Auto populate can extract metadata from the following file types:
- CSV
- JSON
- Avro
- ORC
- Parquet
- Delta Lake
You can opt to either manually review entities that are extracted or let the system automatically create the entities from the extracted metadata. When extracting metadata, entities that cause errors are captured in the log. You can view the log to see which entities encountered errors and take action to correct.
Manually reviewing entities allows you to accept or reject entities on an individual basis. You can view entities are already approved or rejected in the Reviewed Entities tab.
Extractors display their status to let you know what stage they are currently at and if user intervention is required.

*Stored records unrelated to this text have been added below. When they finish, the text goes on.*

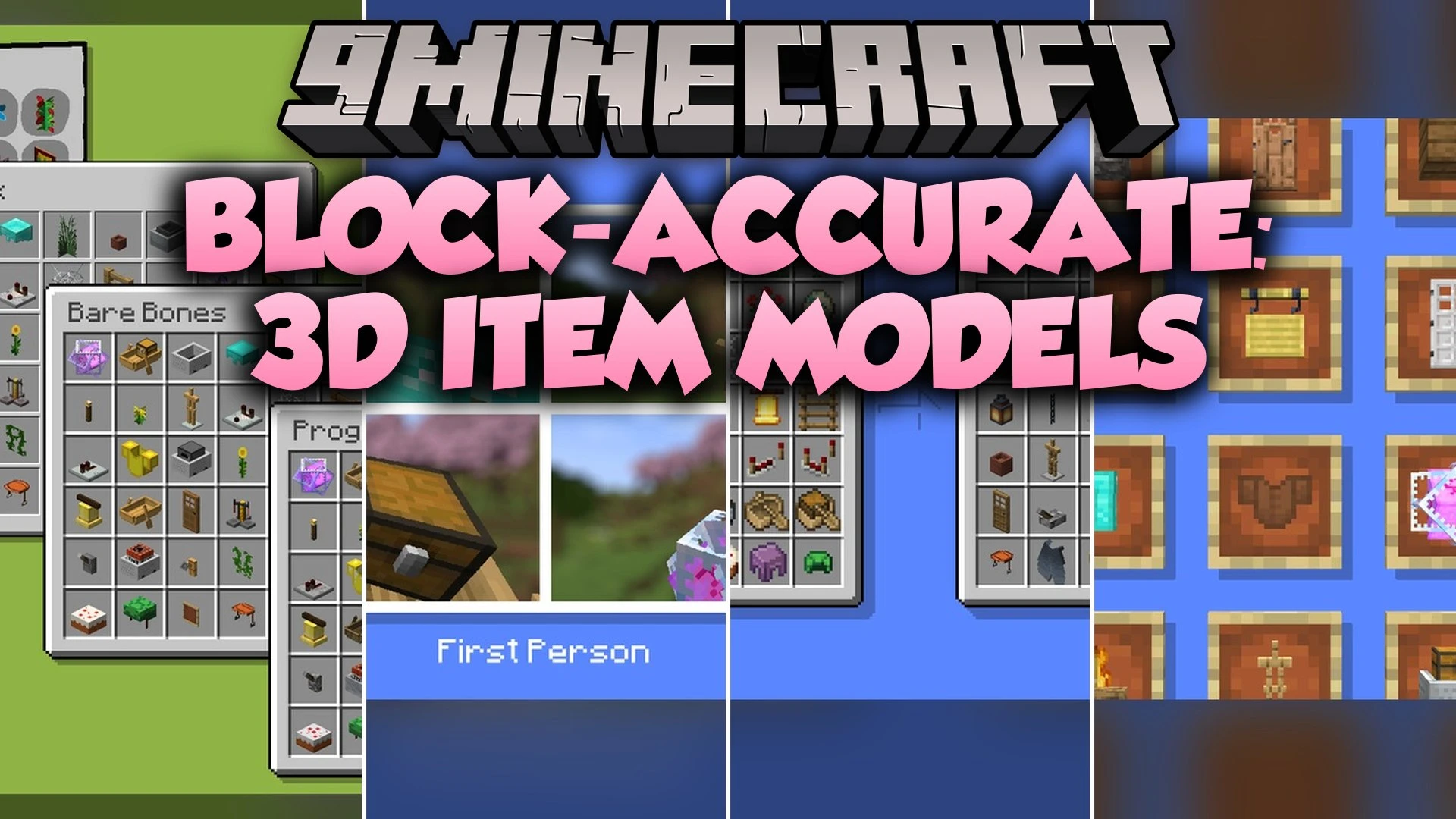 Block-Accurate 3D Item Model – Transforms Flat Sprites Into 3D Models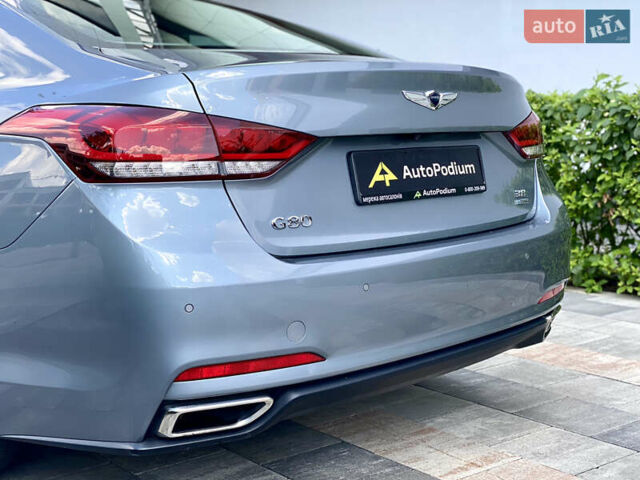 Серый Генезис G80, объемом двигателя 3.78 л и пробегом 70 тыс. км за 19500 $, фото 12 на Automoto.ua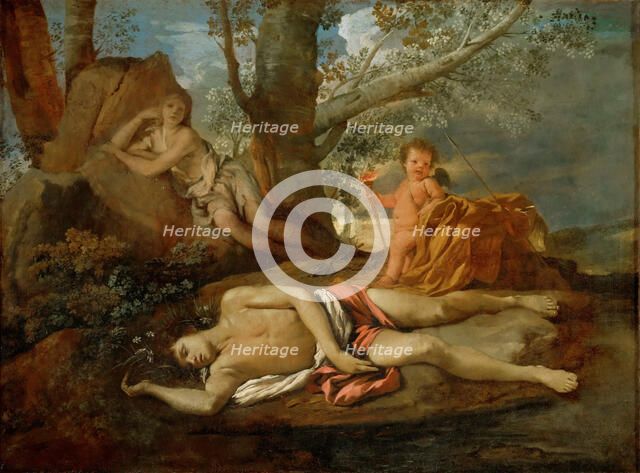 Echo and Narcissus, ca 1627. Creator: Poussin, Nicolas (1594-1665).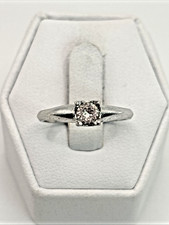 STUNNING .925 Vintage Sterling Silver Estate Ring Size 7 with Colorless stone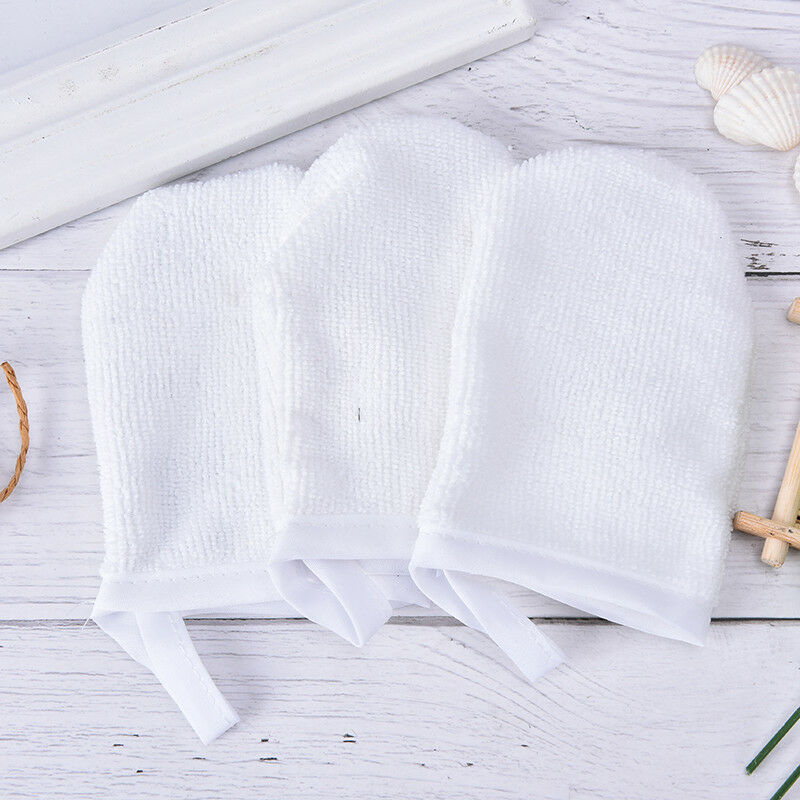 reusable microfiber facial cloth face towel makeup remover cleansing glove.l8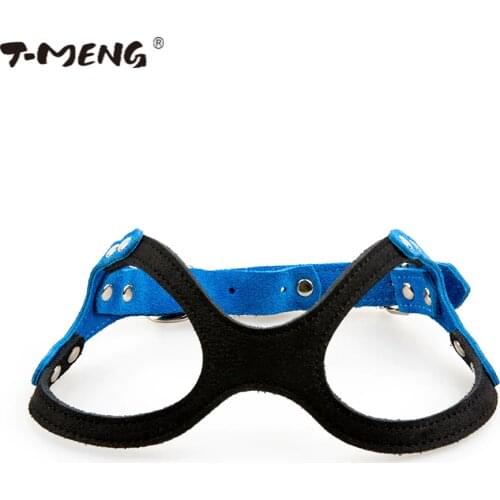 T-MENG Brand Small Dog Harness for Puppies Chihuahua Yorkie Soft Genuine Leather Dog Walking Vest Cat Chest straps Pet Products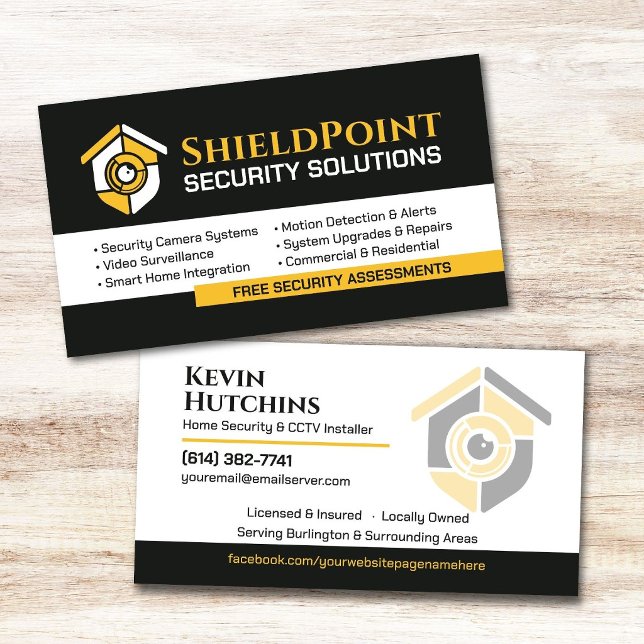 CCTV Surveillance & Smart Home Security Business Card (Creator Uploaded)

Extractor Status | Description |
---|---|
Not Started | The extractor has not started. Start the extractor to begin. |
Running | Extractor is in progress |
Ready for review | The extractor has run and you have chosen manual approval. Extracted entities must be reviewed and either accepted or approved. |
Reviewing | The extractor has run and you have chosen manual approval. Some entities have been reviewed or approved by a user, but entities remain that require review. |
Completed | The extractor has run and entities have either been approved automatically or manually approved by a user |
You can view and use metadata extractors created by other users if you have the requisite permissions.
Create Metadata Extractor
You can create metadata extractors to automate extracting entities like schema and tables to your catalogs.
- On the Home page, click Auto populate catalog.
- Click
Create Metadata Extractor.
- Enter a name for the metadata extractor.
- Select the target catalog from the Catalog dropdown.
- Select the appropriate source type from Source Type dropdown.
- Next to Compute, click Browse and choose the cluster the extractor should use. Click Select.
- Next to Compartment, click Browse and choose the compartment to extract your metadata to. Click Select.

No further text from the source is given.